MATERIAL SHOWN =>
_ _ _ _
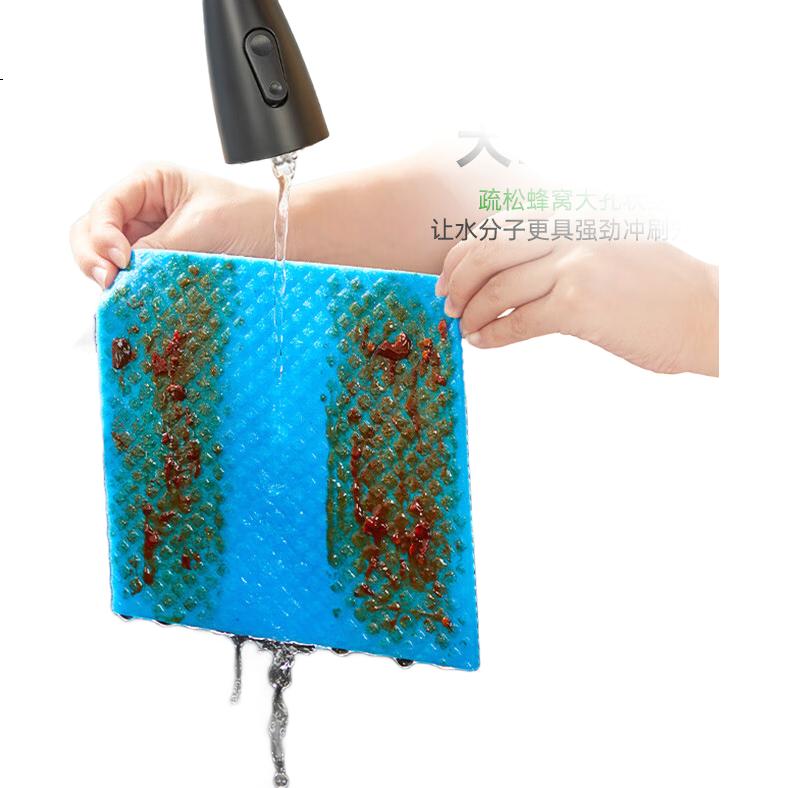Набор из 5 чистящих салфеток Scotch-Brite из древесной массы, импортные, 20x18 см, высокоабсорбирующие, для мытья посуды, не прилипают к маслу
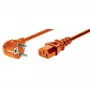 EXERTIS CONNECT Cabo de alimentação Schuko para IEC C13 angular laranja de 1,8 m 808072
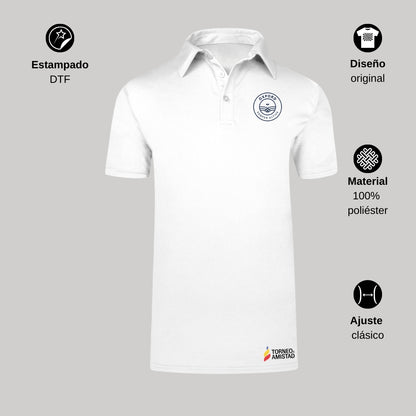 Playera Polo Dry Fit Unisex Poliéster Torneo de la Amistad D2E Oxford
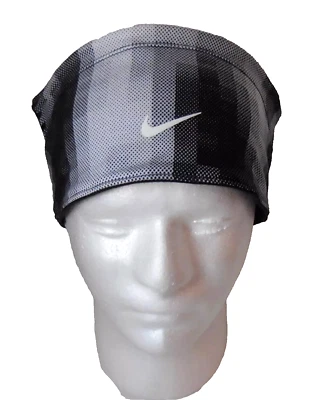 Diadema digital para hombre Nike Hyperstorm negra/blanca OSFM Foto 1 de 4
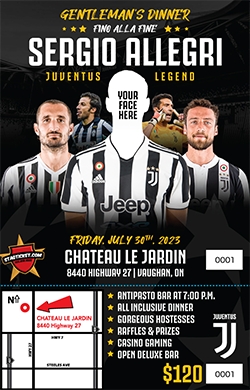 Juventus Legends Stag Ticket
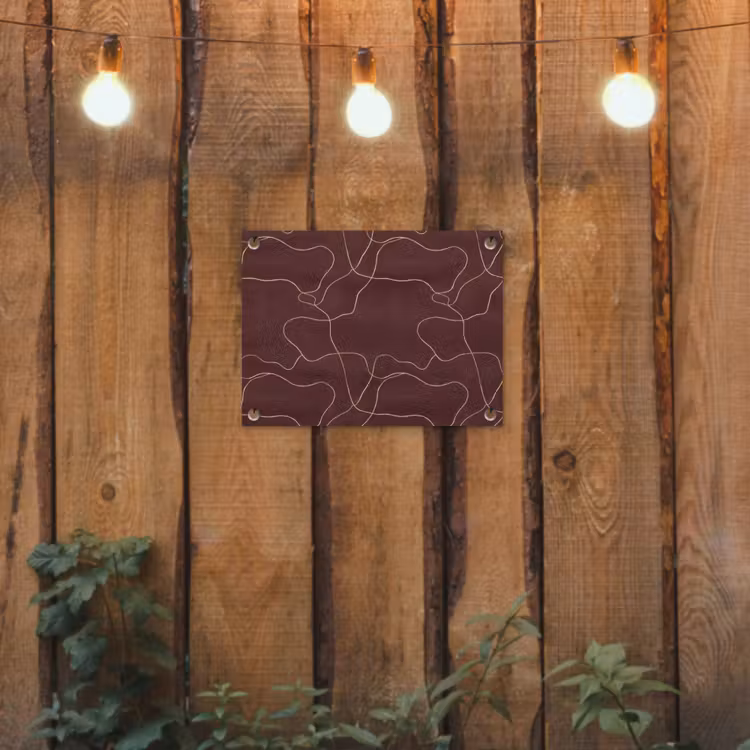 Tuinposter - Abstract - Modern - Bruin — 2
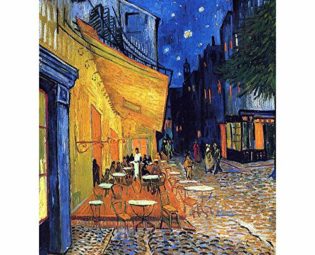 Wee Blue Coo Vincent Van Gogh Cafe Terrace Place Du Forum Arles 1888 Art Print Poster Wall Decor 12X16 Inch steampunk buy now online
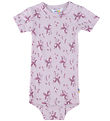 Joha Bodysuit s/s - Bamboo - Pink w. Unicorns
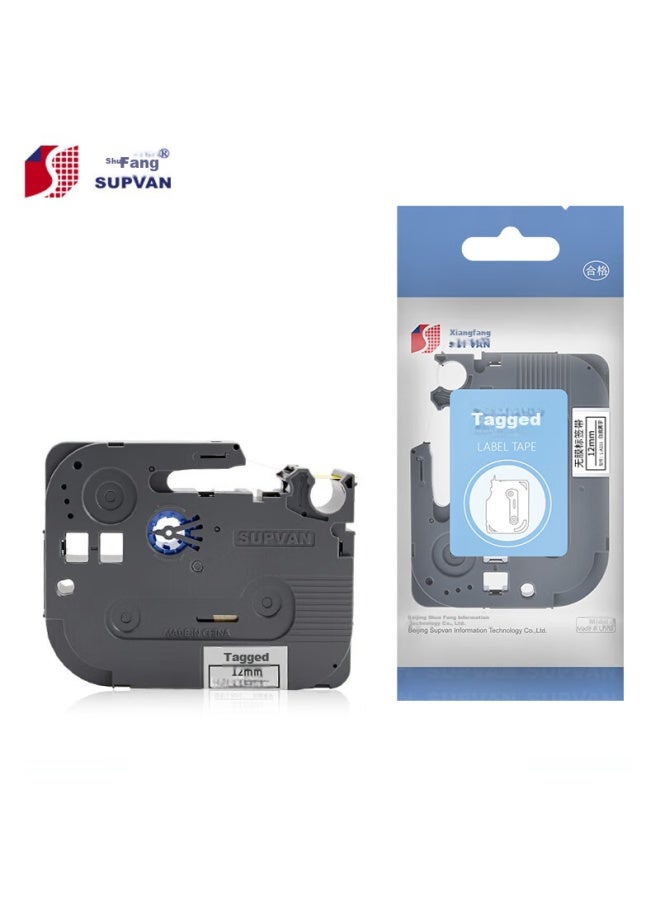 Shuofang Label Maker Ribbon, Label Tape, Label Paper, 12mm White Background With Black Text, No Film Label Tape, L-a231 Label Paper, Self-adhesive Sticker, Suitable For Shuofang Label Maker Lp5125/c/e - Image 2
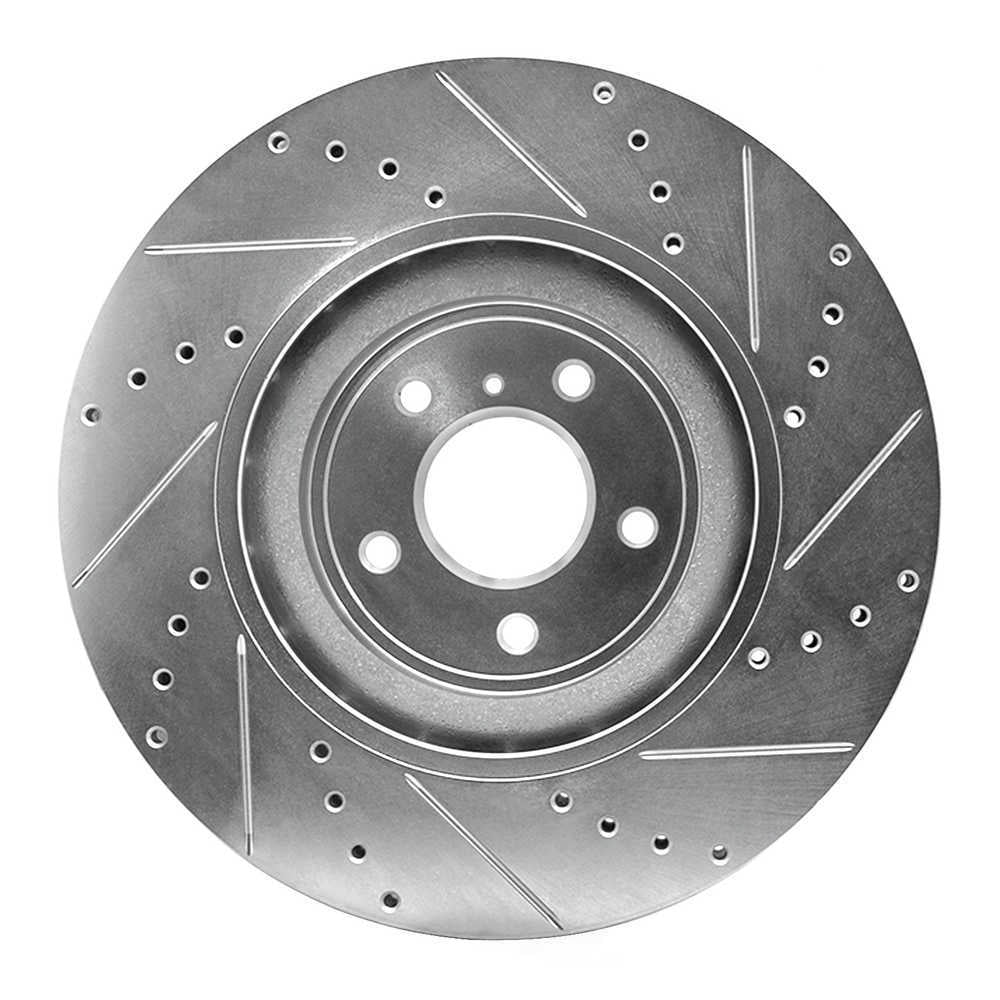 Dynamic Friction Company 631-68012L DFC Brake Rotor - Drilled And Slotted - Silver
_ _ _ _
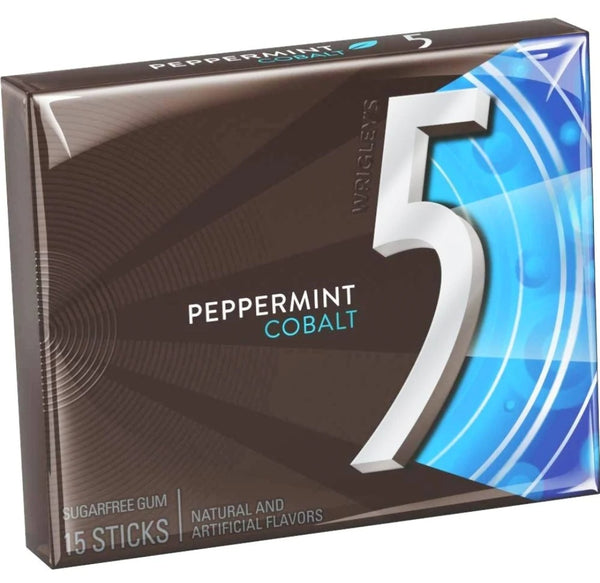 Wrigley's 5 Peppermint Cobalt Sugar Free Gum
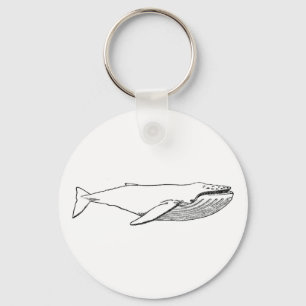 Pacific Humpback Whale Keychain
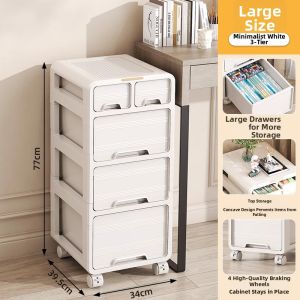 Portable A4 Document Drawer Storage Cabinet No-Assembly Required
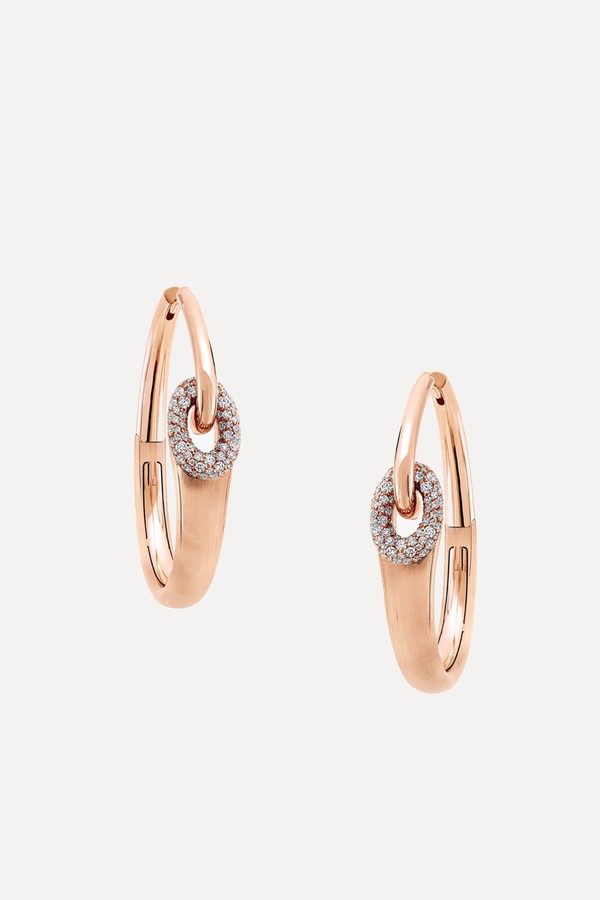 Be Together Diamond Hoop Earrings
_ _ _ _
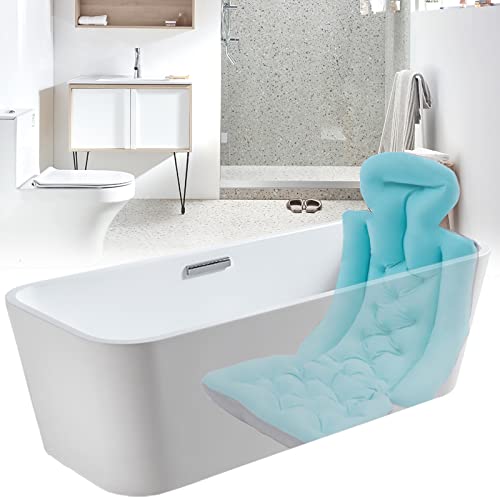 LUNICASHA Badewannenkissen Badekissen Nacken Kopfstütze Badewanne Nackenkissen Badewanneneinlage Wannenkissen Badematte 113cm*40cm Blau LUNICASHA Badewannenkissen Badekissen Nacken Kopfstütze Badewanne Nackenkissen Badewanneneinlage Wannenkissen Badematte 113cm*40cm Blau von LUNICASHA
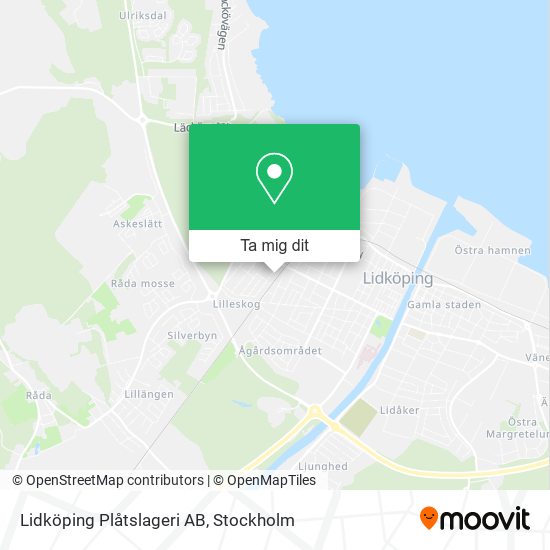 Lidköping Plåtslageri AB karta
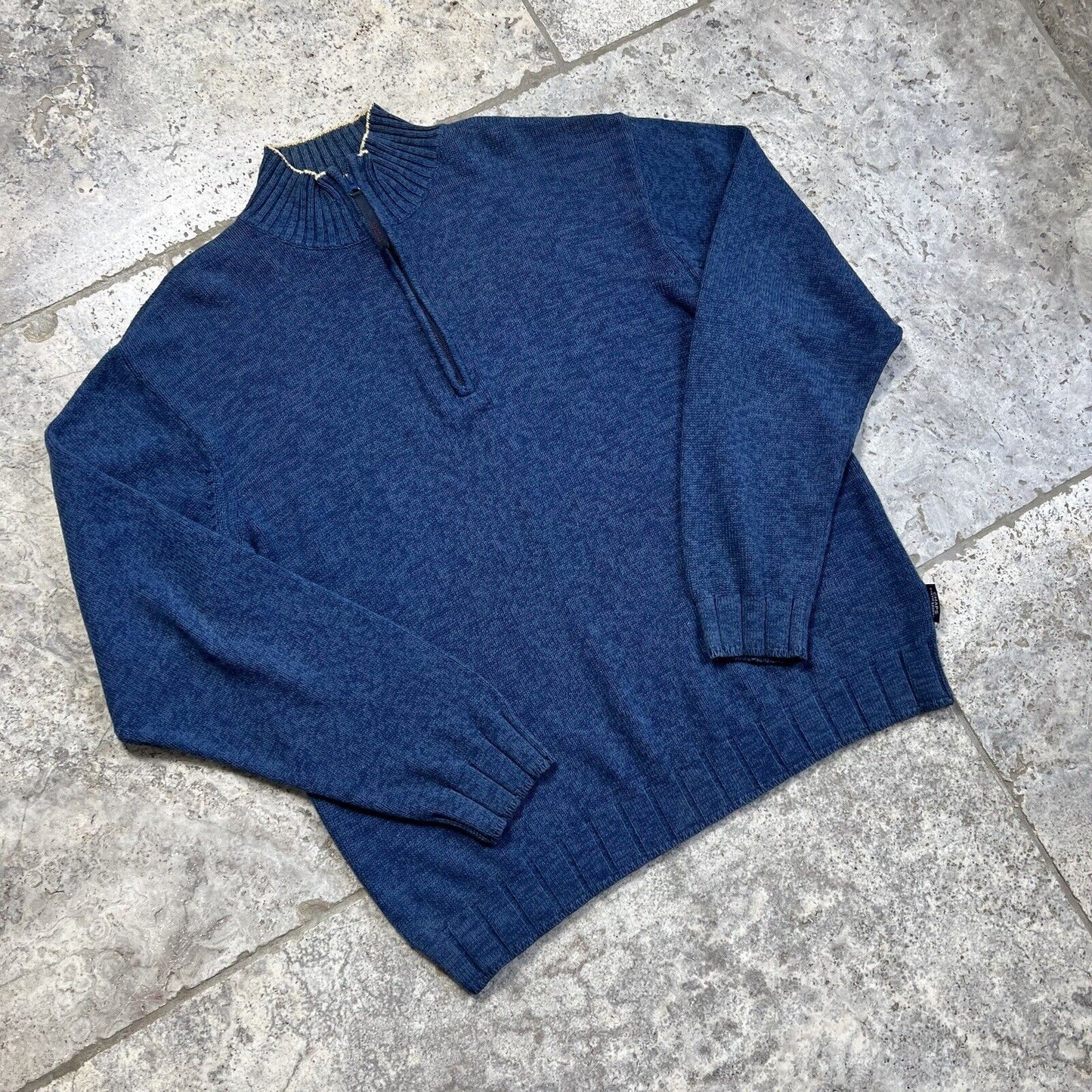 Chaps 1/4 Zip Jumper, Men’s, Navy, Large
_ _ _ _
WORK INSTRUCTIONS => In the data above, find the line containing "Blau von LUNICASHA" and the line containing "Chaps 1/4 Zip Jumper, Men’s, Navy, Large". Repeat those two lines and everything between them exactly, minus the pictures.

REPLY TO THE TASK =>
 LUNICASHA Badewannenkissen Badekissen Nacken Kopfstütze Badewanne Nackenkissen Badewanneneinlage Wannenkissen Badematte 113cm*40cm Blau LUNICASHA Badewannenkissen Badekissen Nacken Kopfstütze Badewanne Nackenkissen Badewanneneinlage Wannenkissen Badematte 113cm*40cm Blau von LUNICASHA
 Lidköping Plåtslageri AB karta
 Chaps 1/4 Zip Jumper, Men’s, Navy, Large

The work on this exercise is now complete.